Author and illustrator Tomie dePaola was a staple of my early childhood, as he was for many children of the ’80s, with titles like “Strega Nona” and “The Art Lesson.” But he also created a lesser-known picture book called “Marianna May and Nursey,” that remains, to this day, one of my all-time favorites.
Unlike much of his other work, which is typically autobiographical or based on age-old folk tales, “Marianna May and Nursey” is the story of a young girl who is the only child of a very wealthy, Victorian-era family. Because her parents are so very important and very busy, Marianna May is cared for by a prim, white-haired woman named Nursey.
True to the period and their socioeconomic class, Nursey, Marianna May and her parents wear white, all white, all of the time, especially during the summer. This wardrobe, unfortunately, doesn’t exactly suit Marianna May’s favorite activities.
“Nursey didn’t like it when Marianna May rolled in the grass, made mud pies, ate orange ice, or strawberry ice cream.”
As a result, Marianna May is often relegated to the front porch swing and instructed to keep her white dress clean.
“Even though Marianna May was very rich, she was also very sad.”
DePaola’s moral resides in this single sentence. What little girl – and for that matter, what adult – doesn’t dream of life with all the fineries of the wealthy and privileged? But Marianna May’s experiences demonstrate that life isn’t always greener on the other side.
Fortunately for Marianna May, her unhappiness does not go unnoticed. One afternoon, Mr Talbot, the ice deliveryman, sees the dejected look on her face and sets out to consult with the house staff, determined to remedy the situation. Spurred by Mr. Talbot’s brilliant idea, Nanny, the cook, the cook’s helper and the laundress work all day to transform Marianna May’s white frocks into something more appropriate for a playful, young girl.

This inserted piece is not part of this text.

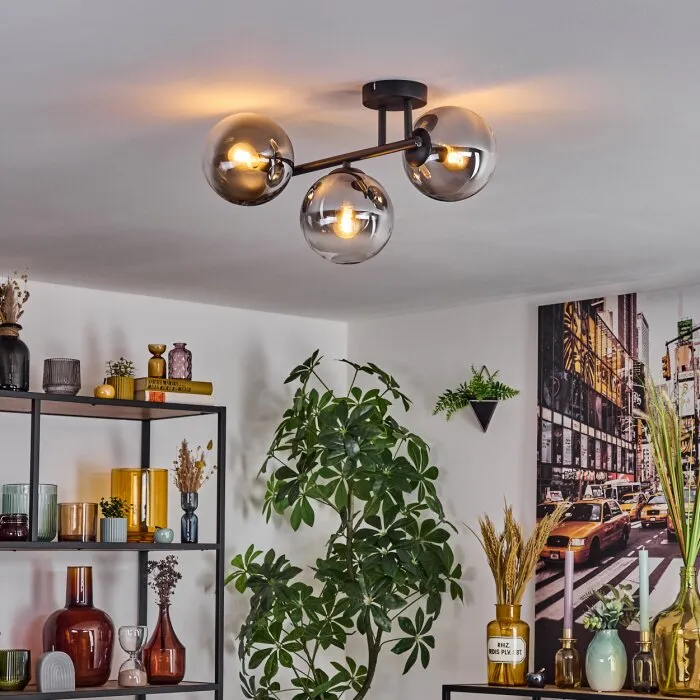 Gastor Plafoniera, Lampada a sfera Chiaro, Grigio fumo, 3-Luci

The illustrations that follow of Marianna May in her many-colored dresses are an absolute delight and have remained in my memory for nearly 20 years.
As a whole, I would compare dePaola’s book to your favorite dessert – little nutritional value, but oh-so delicious. Published in 1983, its references to wealth are a bit of a children’s-book faux paux today, but I do enjoy the historically accurate details dePaola carefully incorporated. The style of the clothing, architecture and manicured gardens all reflect the Victorian era.
The ice delivery sign hanging in the window of Marianna May’s house particularly caught my attention. I noticed that three corners of the diamond-shaped sign contained numbers. According to historical information about ice delivery, the sign was positioned so that the number pointing upward indicated how many pounds of ice a customer wanted the deliveryman to cut from his block.
Just as ice delivery has long gone by the wayside, so too has this beautiful book. You won’t find it at your local Barnes & Noble, but copies can be found in various conditions for widely varying prices from online booksellers. My mom, ever indulgent of my literary obsessions, tracked down a copy for me on eBay several Christmases ago. But for those of you in the Ames area, you’re in luck! The Ames Public Library has a copy – possibly the exact same book that enchanted me so many years ago.